This paper describes the integration of the development of a number of oil reservoirs by means of miscible gas injection with the development of a gas condensate field.
Around the year 2000 a number of oil reservoirs were discovered in south Oman. Material Balance calculations and early performance data confirmed the geological predictions that little or no aquifer support was to be expected from those reservoirs. Recovery factors based on primary depletion are limited to about 10%, and to boost recovery miscible gas injection (MGI) was identified as the most promising technique.
The gas needed for such miscible gas flood was found in the presence of a gas condensate field located nearby. The gas contains about 15% CO2 and 3% H2S and is considered a sour gas development. Originally the gas-condensate field was scheduled for stand-alone development, with gas sweetening and re-injection of the waste stream, containing about 70% CO2 and 30% H2S, to maximize condensate recovery. The integration of the gas and oil development offered an additional sink for the waste gas, as this could now be used for MGI.
To optimize the development, in terms of maximizing the Ultimate Recovery, a fully compositional model, integrating the 3D subsurface modeling and surface network, was constructed.
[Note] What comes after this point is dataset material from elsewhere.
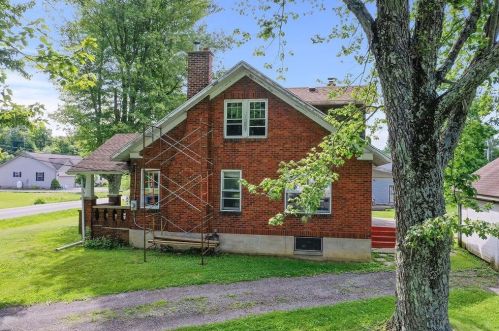 2621 Charity St, Mount Olive, OH 45106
The model was used to determine the best strategy for the MGI development of the portfolio of oil reservoirs, assess the impact of sour gas injection in those oil fields on existing production facilities, and select the optimum gas offtake from the gas field.
The integrated modeling enabled the selection of a development concept that maximizes the UR of the Oil and Gas fields, ensures the Gas sales commitments, while making maximum use of the existing facilities, thereby maximizing the monetary value of the project.